> When you were prompted to set up 2FA
My understanding is that OP did not set up MFA, they provided random answers to security questions which were (at that time) used only as an account recovery mechanism. My further understanding is that Apple unilaterally changed the account policy to require MFA, and automatically used those security questions as a (presumably temporary) second factor.
From my reading of the first few search results, this MFA requirement doesn’t apply to all accounts (and alarmingly MFA isn’t even available to all accounts?!). It seems likely to me OP’s has a developer account, which would have the MFA requirement.
It’s not clear to me how Apple migrates any account when they make their auth policy stricter for that account. If Apple did in fact change policy such that OP was previously able to gain authorized access by password, but subsequently was not with no action taken by OP, Apple should provide some alternative means to regain authorization—even if only to recover purchases, which would harm no one.
Security is an imperfect spectrum which coexists on another imperfect spectrum of convenience. The previous mechanism was effectively like leaving a key under a hypothetical doormat. OP’s description is that Apple placed a new lock inside the door they can already enter, demanding OP produce a key Apple left under that doormat as a matter or convenience in case the previous key was lost. If you told me that one day I might need a former convenience I don’t use and didn’t ask for to enter my home, well… it’s my home. If my home is a rental, I’d have the right to recover my belongings (and to complete the term of my lease, but this is where the abstraction breaks down because digital services have very few consumer protections).

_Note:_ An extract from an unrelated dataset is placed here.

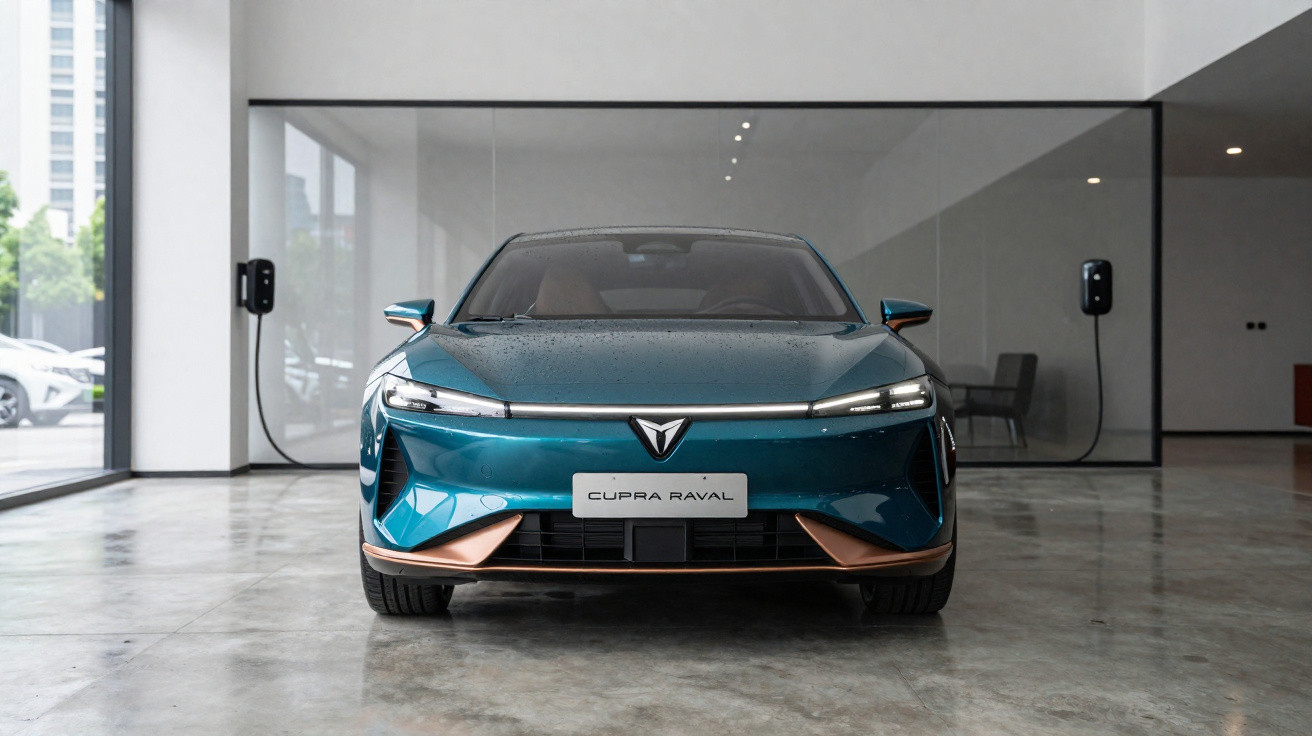 Carro elétrico Cupra Raval azul em exposição, com design moderno e recarga conectada na parede.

OP certainly isn’t entitled to any further service from Apple. But they’re certainly entitled to the goods they’ve already purchased. Even if the terms of service (almost certainly derived from or similar to the butt of joke iTunes tos) disagree. Apple can’t morally just put a lock inside your door and claim it owns what’s behind that.
I’ve intentionally buried this disclaimer: I like Apple products and have been a customer since the 1990s. I expect more of them than this. I left this til last because I think the above is pretty straightforward and my loyalties to a brand should not influence that.